Plan: A document produced for a type of testing defining how the testing will be performed, when the testing will be performed and who will be performing it. The test plan lists the test scenarios that will be scripted.
Preparation: The process of generating the test scripts.
Priority: The importance of fixing a defect from a business perspective. Defined by business representatives.
Q………………………………………………………………………………………………………………………………………………………………
Quality: The suitability of an item for its intended purpose and how well it achieves this.
Quality Centre: Tool used to assist with the management of testing, recording and tracking scripts, logging and tracking defects and more. See:
https://h10078.www1.hp.com/cda/hpms/display/main/hpms_content.jsp?zn=bto&cp=1-11-127-24_4000_100__
R………………………………………………………………………………………………………………………………………………………………
Regression: Retesting of a previously tested program following modification to ensure that faults have not been introduced or uncovered as a result of the changes made
Requirement Specification: A document normally produced by a business analyst, capturing the needs of the individual in a manner which means that they can be translated into a software solution.
Re-Test: Taking a defect which has failed and executing the associated test script again.
S………………………………………………………………………………………………………………………………………………………………
Scenario: A high level description of how a requirement is going to be tested.
Script: Referable back to the scenario, the script defines each step that must be passed through in order to perform a test, along with the expected results. As the script is executed, results are recorded and if they match the expected result are marked as passed, otherwise as failed. A script containing a failure should have a resultant defect raised.
Schedule: A document, similar to a project plan, but detailing the activities associated with testing, when they are due to occur and who will be performing them.
Severity: The importance of a defect to testing and the application. Defined by Testers
Smoke: A process of proving an application or environment is ready to commence full testing, by running a sample set of scripts testing the primary functionality and/or connectivity.
Static: The process of testing without the presence of software.
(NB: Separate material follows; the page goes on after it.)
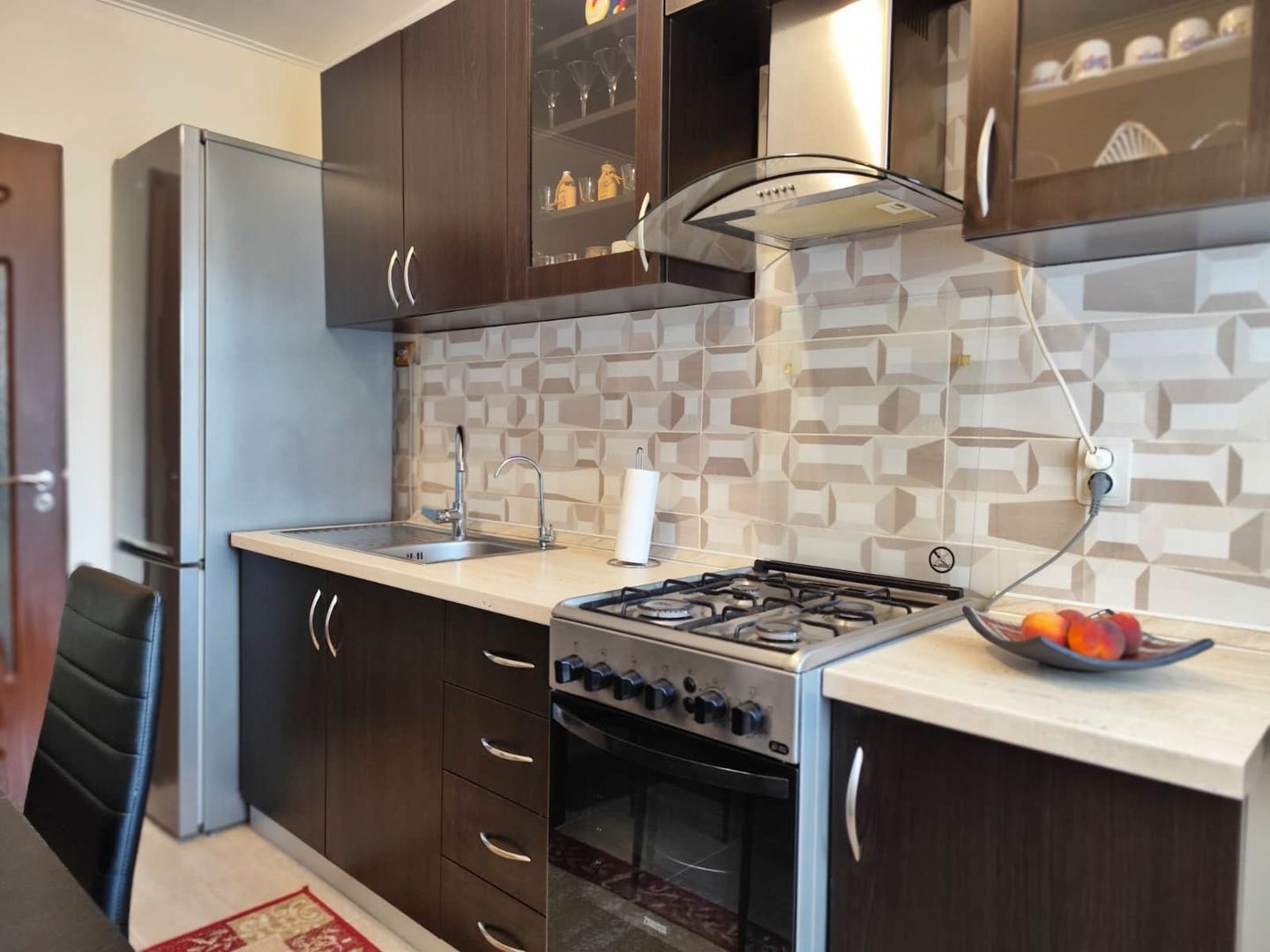 Apartament 4 camere, Calea Aradului - Oradea, tip D, renovat, vanzare - Poză 2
Normally refers to the testing of documentation.
Strategy: A document produced at project or programme level, defining what testing is to be performed.
Stress: A form of performance testing, whereby the volume of testing is increased to a point at which the application is deemed to be failing to perform, either due to failure to meet performance criteria or system breakdown.
T………………………………………………………………………………………………………………………………………………………………
Technical Architecture Document: Definition of how the business requirements should be translated into a technical solution at the highest level.
Test Director: A tool used for test management, capture of requirements, scripts and defects, with the ability to manage defects through to resolution. Now replaced by Quality Centre.
Testing: The process of reviewing an item for accuracy and its ability to complete the desired objective.
U………………………………………………………………………………………………………………………………………………………………
Unit: The testing of the application by the developers at a component or modular level, looking at whether the code is performing as expected.
User Acceptance: The means of testing applied, normally by members of the business or recipients of the system, whilst still in the test environment. This looks to ensure that business requirements have been understood by all involved in the application production as well as providing an opportunity to check the business processes that the application will be used in conjunction with.
V………………………………………………………………………………………………………………………………………………………………
V-Model: A testing focussed software development life-cycle where the process of creativity occurs down the left side of the V and the process of testing up the right side of the V, where each step down the V has a corresponding point of testing up the right of the V. Begins with a requirement and terminates with User Acceptance Testing.
Version: An alpha numeric means of identifying a particular build of software, or a component thereof. The version changes incrementally to reflect each modification of the software, component, document etc.
Volume: (Testing) A type of performance testing which increases the volume of users on a system, in each cycle, taking the volume up to a prescribed limit, normally exceeding optimum load.
W………………………………………………………………………………………………………………………………………………………………
W3C: World Wide Web Consortium – body creating web standards and guidelines.
http://www.w3.org/
WAI: Web Accessibility Initiative. See:
http://www.w3.org/WAI/
Waterfall: Project Management Method whereby each element of the software development life-cycle occurs sequentially.
Win Runner: A tool that was historically used for test automation. See Automation Centre.
White Box: Testing normally performed by developers, looking at the code and ensuring that each model of code is performing as expected. See Unit
X………………………………………………………………………………………………………………………………………………………………
Y………………………………………………………………………………………………………………………………………………………………
Z………………………………………………………………………………………………………………………………………………………………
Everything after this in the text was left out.